Evaluate languages

Question

Evaluate languages

joe-no-body opened this issue 5 years ago · comments

joe-no-body commented 5 years ago

https://github.com/joe-no-body/beyond-spreadsheets/wiki/Language-selection

Raymond Neilson · Answer 1 · Mon Sep 02 2019 22:53:48 GMT+0800 (China Standard Time)

Couple quibbles:

I'm not actually convinced we need to run client code in the browser. In fact, architecturally I think we really have to run it all server-side for multi-user, so we can properly do locking, and should anyways, because we can do better sandboxing there.
I don't think Scheme is actually beginner-friendly at all, tbh.

I'm also going to add Elixir to the list, if that's alright...

joe-no-body · Answer 2 · Tue Sep 03 2019 05:28:23 GMT+0800 (China Standard Time)

client code in the browser

Agreed. Running server-side also lets data be cached, provides a mechanism for users to write code that interacts with non-HTTP services like databases, and enables secure credential storage. Server-side is definitely the way to go.

Scheme

Agreed it's not a great option. I also kinda conflated it with Lisps in general in my head. My main reasons were: the simple syntax would be easy to marshal and unmarshal between text and UI representation, it'd be easy to roll our own if desired, most Lisps have good DSL support, and it's functional. However, the syntax is pretty tough for me to get over, so I'm not really inclined to go with it.

I'm also going to add Elixir to the list, if that's alright...

Yep! Feel free to modify any of the pages, open issues, comment, push branches, etc. as you see fit. There's only one hard boundary (for me as well): don't push to master without a PR. I've applied branch protection to master to enforce that.

P.S. I've started another thread on #2 for general discussion if that works for you.
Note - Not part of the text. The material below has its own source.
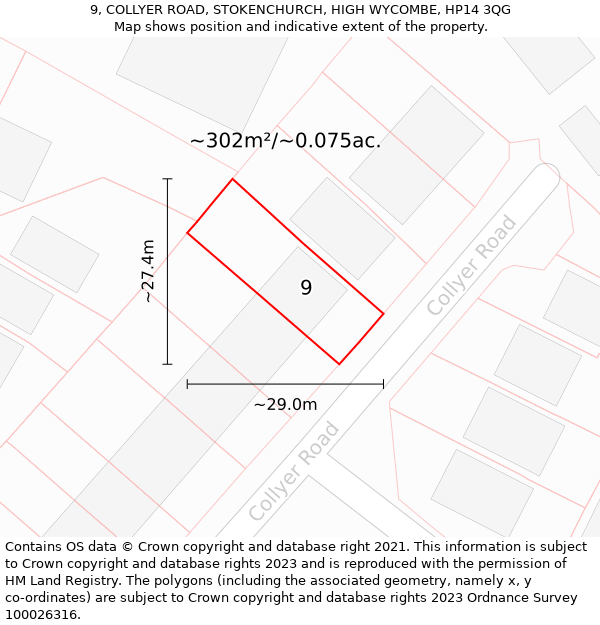 9, COLLYER ROAD, STOKENCHURCH, HIGH WYCOMBE, HP14 3QG: Plot and title map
Raymond Neilson · Answer 3 · Tue Sep 03 2019 05:32:20 GMT+0800 (China Standard Time)

Oh gods, I never push to master without a PR -- hell, even in my personal repos I'll do work only in branches (I'll cop to skipping PRs for simple fast-forwards).

I'm going to strike out client-side code and Scheme from the lang page, then, since (I think) we're both agreed on rejecting them.

joe-no-body · Answer 4 · Tue Sep 03 2019 07:02:35 GMT+0800 (China Standard Time)

Cool. I kinda figured it was a given but I thought I'd throw it out just in case, especially since I locked down the branch. Saw the strikeouts and I agree with that as well. I think we're all good.

Raymond Neilson · Answer 5 · Wed Sep 04 2019 07:20:43 GMT+0800 (China Standard Time)

I glanced at your PoC, and we are way more similar than I thought. That JSON-based DSL-that's-almost-an-AST is something I've built three times in the last year at work.

With that, and Venn of our strong points, I'm going to say we should go with Python (3.7, obvs) for the implementation language. We're both fluent, it's got tons of useful libraries for data (it's basically the lingua franca of data analysis these days), we can optimize with Numpy (and Pandas, and and and) as we need, and it's got our dynamic code generation covered.

In fact, I'll also say I'm heavily leaning towards Python for our user-facing language, too. Specifically, limiting (inline) user code to expressions gets us at least most of the functional paradigm, and controlling the namespace contexts gives us quite a bit of sandboxing. I've been going over the docs for the ast module (as well as the excellent Green Tree Snakes expansion on same), and I think it's totally doable. Constraining user-supplied modules is another, trickier problem - mostly because useful things for users are also useful for attackers - but there are approaches we can use. Plus, it means exporting to Jupyter notebooks is easier, interfacing with ML libraries is easier, et cetera ad nauseam.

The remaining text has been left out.